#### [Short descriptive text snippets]
--------------------------------

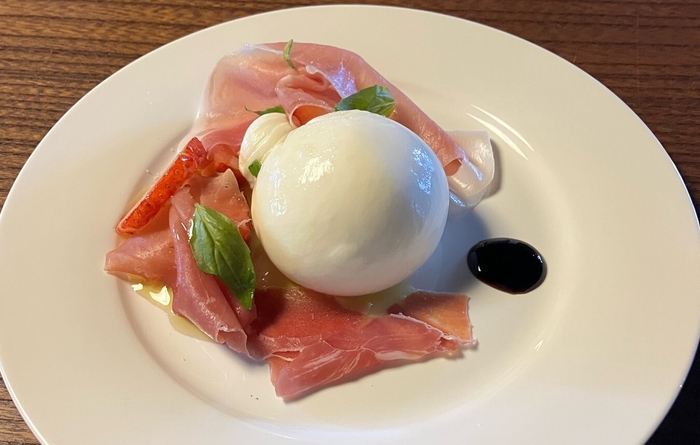 出来立てブッラータいちご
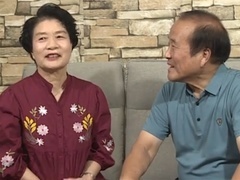 女嘉宾接受男士表白 老年生活丰富多彩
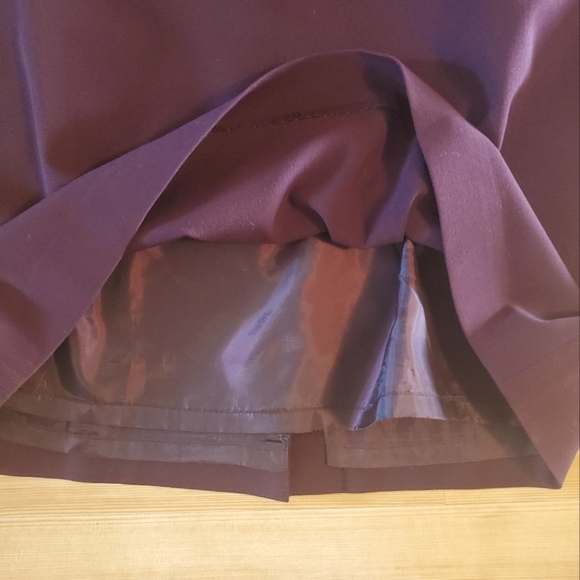 Caslon Women's Two-piece Classic Suit - Picture 10 of 13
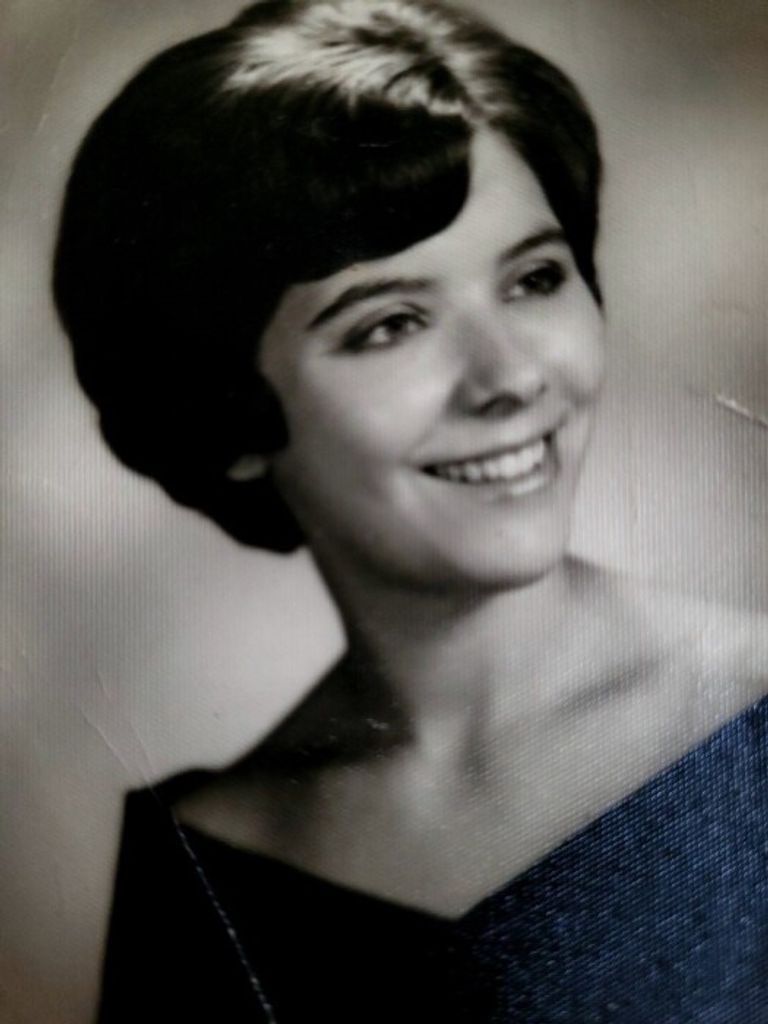 Mickie (Gagnon)  Montgomery Profile Photo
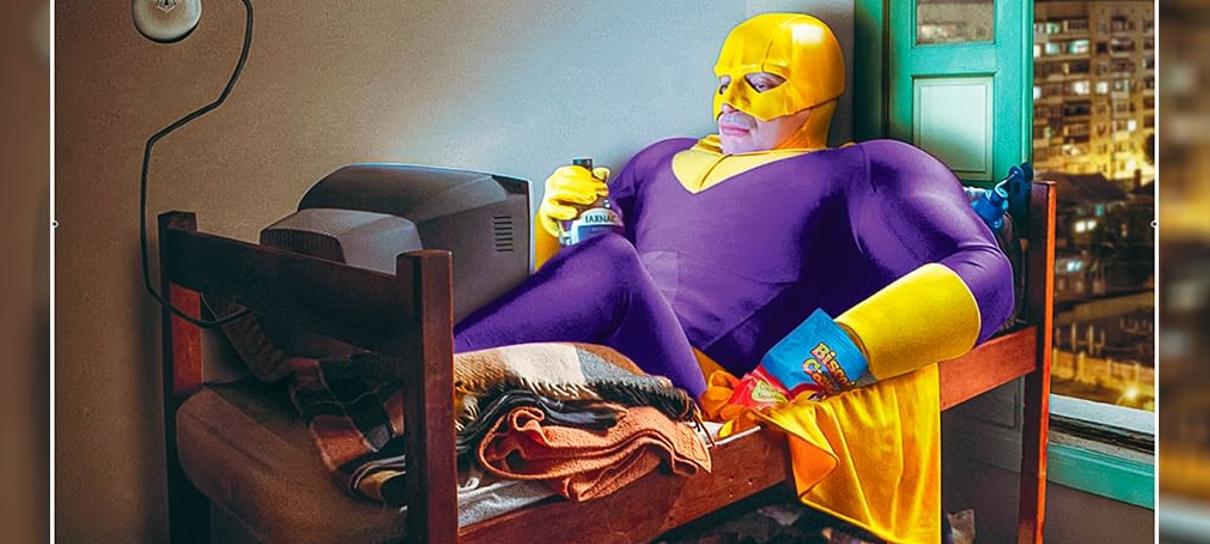 Overman, filme baseado em super-herói da Laerte, ganha novo pôster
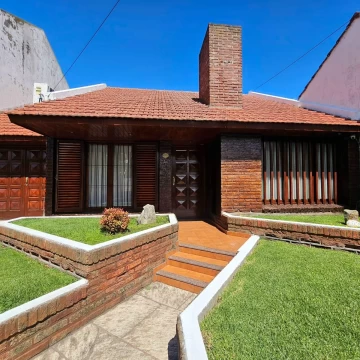 Venta Casa 4 Ambientes Barrio Punta Mogotes Mar del Plata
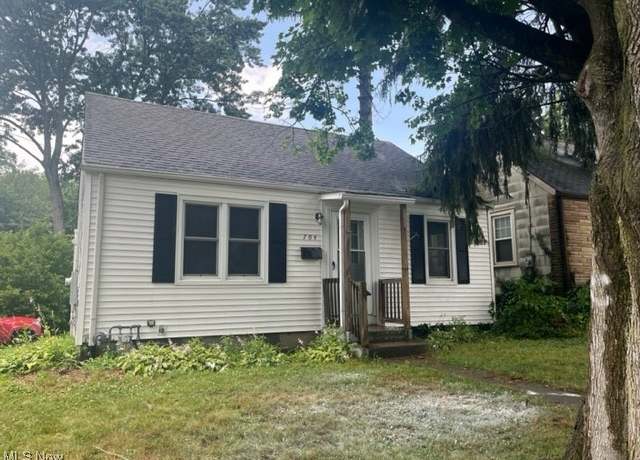 Property at 704 Washington St, Wooster, OH 44691, 3 beds, 1 bath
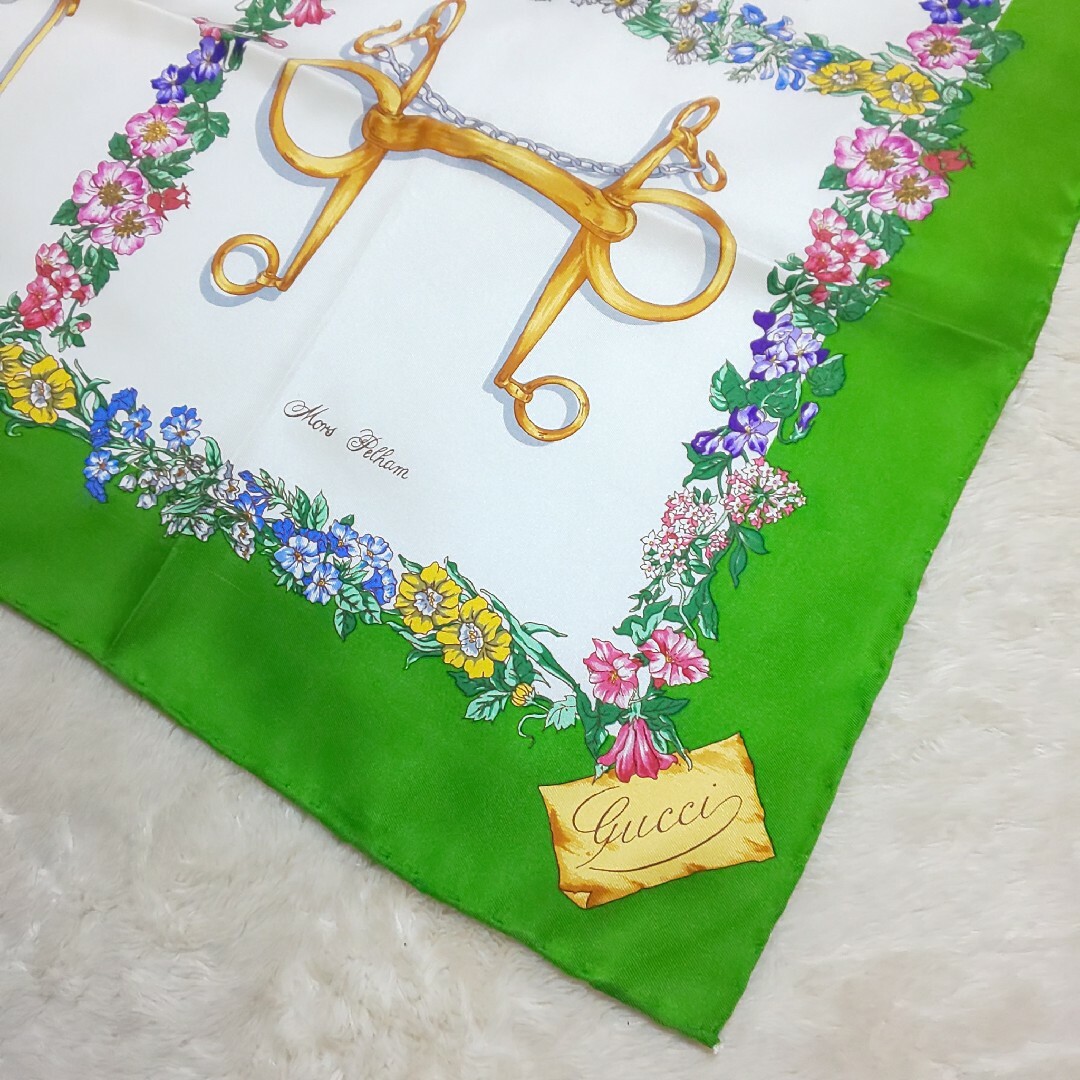 GUCCI - 【美品】GUCCI ホースビット 大判シルクスカーフ 花柄 総柄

--------------------------------

#### [About this exercise]
Repeat the entries exactly as they are given, leaving out each image.

#### [Task output]
 出来立てブッラータいちご
 女嘉宾接受男士表白 老年生活丰富多彩
 Caslon Women's Two-piece Classic Suit - Picture 10 of 13
 Mickie (Gagnon)  Montgomery Profile Photo
 Overman, filme baseado em super-herói da Laerte, ganha novo pôster
 Venta Casa 4 Ambientes Barrio Punta Mogotes Mar del Plata
 Property at 704 Washington St, Wooster, OH 44691, 3 beds, 1 bath
 GUCCI - 【美品】GUCCI ホースビット 大判シルクスカーフ 花柄 総柄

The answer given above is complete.